# Exercise brief:
From the records below, please print only the lines from the one containing "GW0203G7 | Herrenuhr" through the one containing "MH Revenge 125 - Nueva Café Racer", both included. Skip the pictures.

# Records supplied:

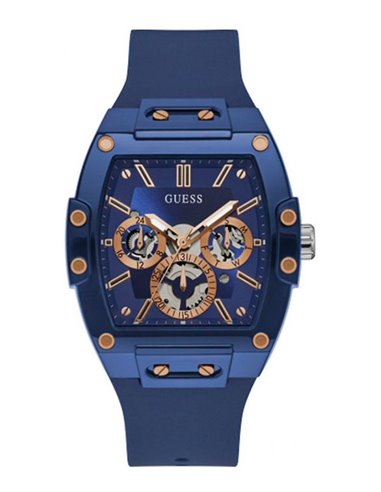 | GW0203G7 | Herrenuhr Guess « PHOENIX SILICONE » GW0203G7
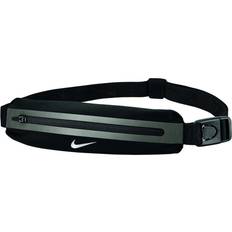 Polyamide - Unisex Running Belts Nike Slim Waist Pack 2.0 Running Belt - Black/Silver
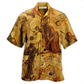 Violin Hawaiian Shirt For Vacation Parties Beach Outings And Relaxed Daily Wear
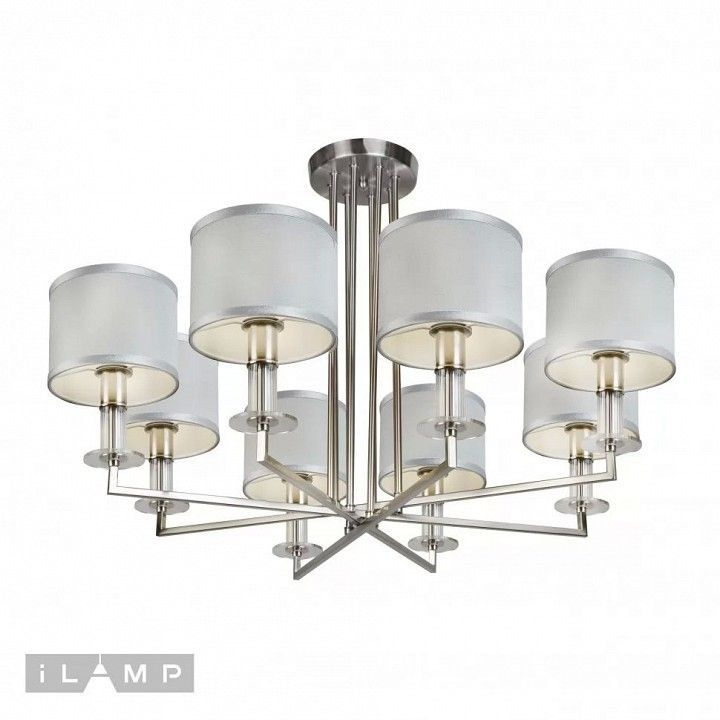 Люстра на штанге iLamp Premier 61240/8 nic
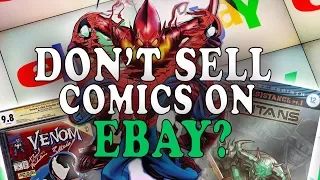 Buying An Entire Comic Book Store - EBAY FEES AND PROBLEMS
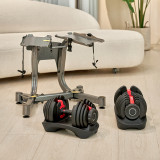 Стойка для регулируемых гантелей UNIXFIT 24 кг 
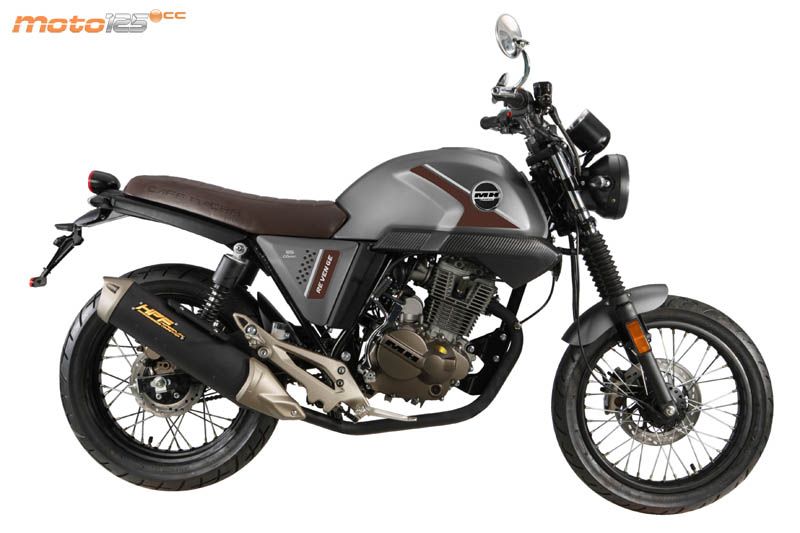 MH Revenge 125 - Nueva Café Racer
==
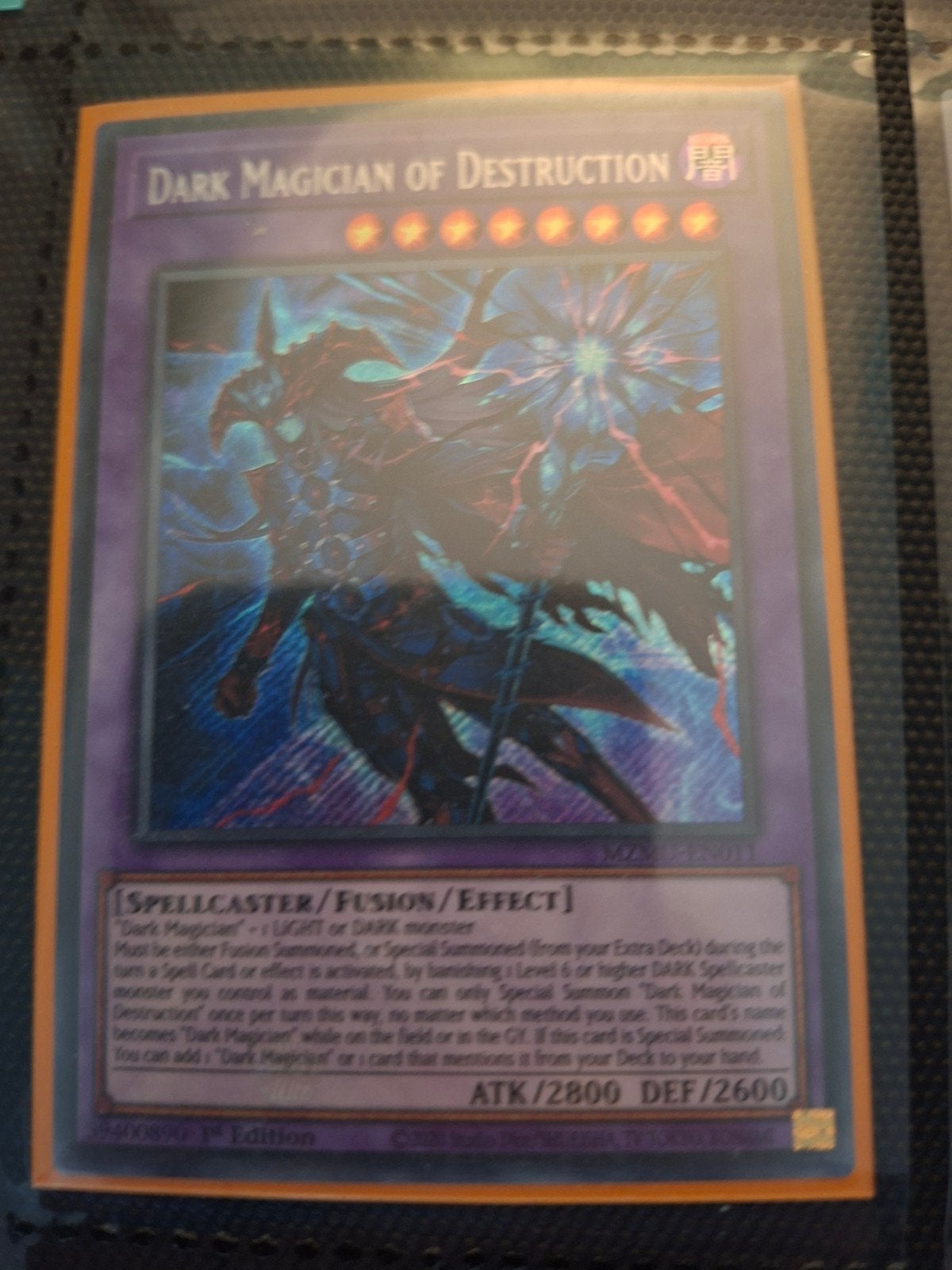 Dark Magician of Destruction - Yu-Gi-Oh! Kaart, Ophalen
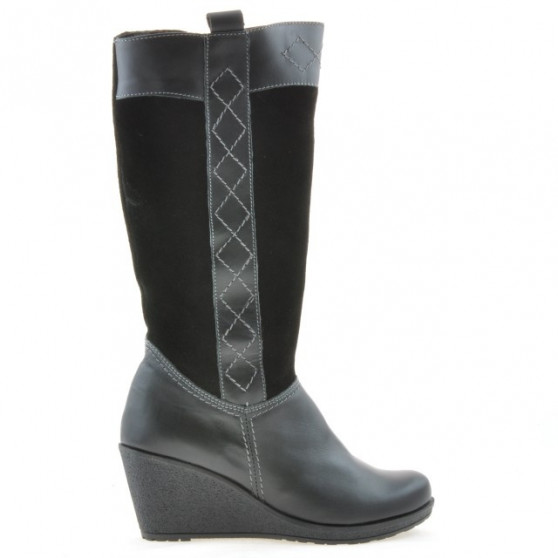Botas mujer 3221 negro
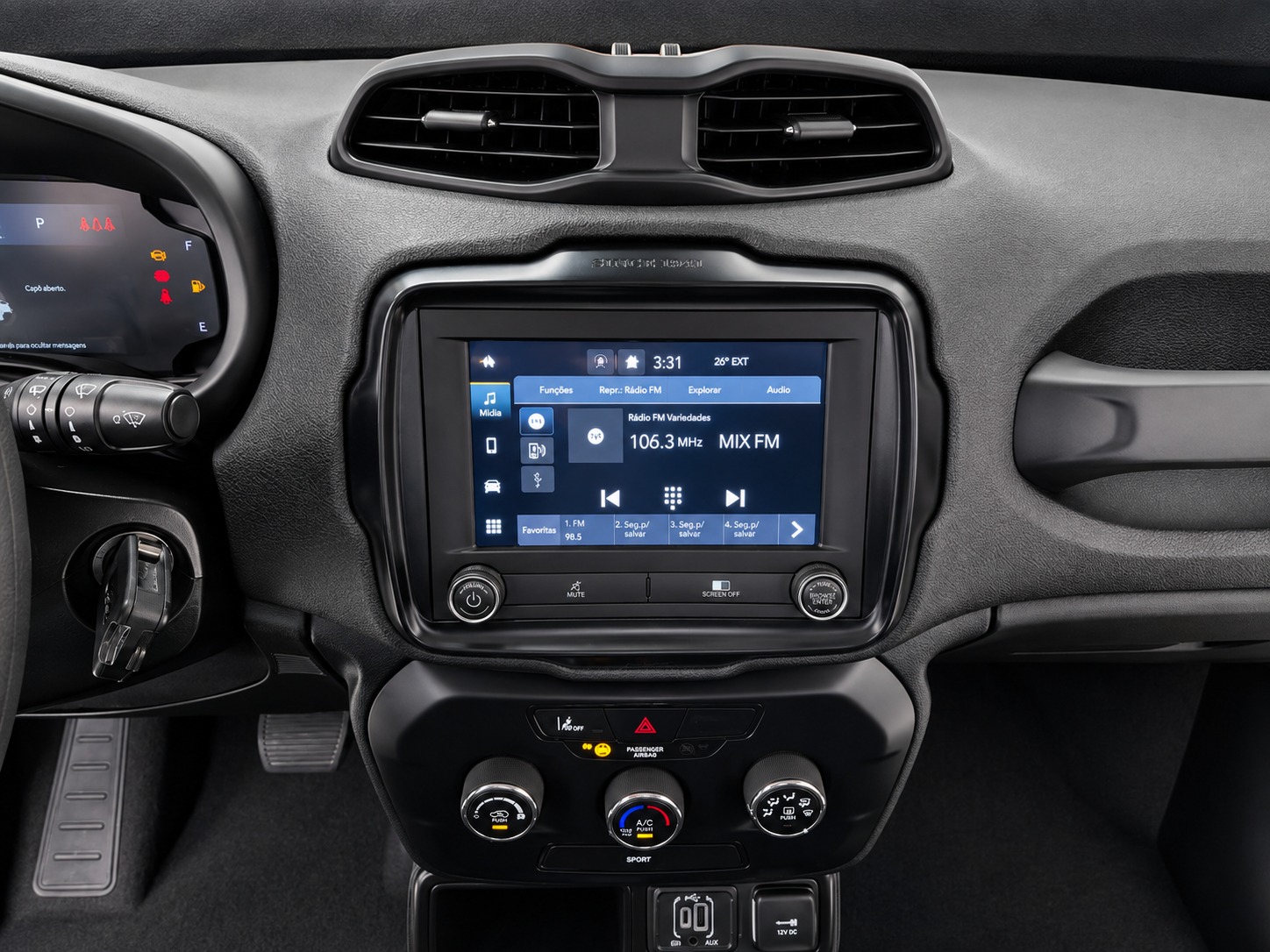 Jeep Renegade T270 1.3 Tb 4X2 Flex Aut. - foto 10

# Result of this task:
 | GW0203G7 | Herrenuhr Guess « PHOENIX SILICONE » GW0203G7
 Polyamide - Unisex Running Belts Nike Slim Waist Pack 2.0 Running Belt - Black/Silver
 Violin Hawaiian Shirt For Vacation Parties Beach Outings And Relaxed Daily Wear
 Люстра на штанге iLamp Premier 61240/8 nic
 Buying An Entire Comic Book Store - EBAY FEES AND PROBLEMS
 Стойка для регулируемых гантелей UNIXFIT 24 кг 
 MH Revenge 125 - Nueva Café Racer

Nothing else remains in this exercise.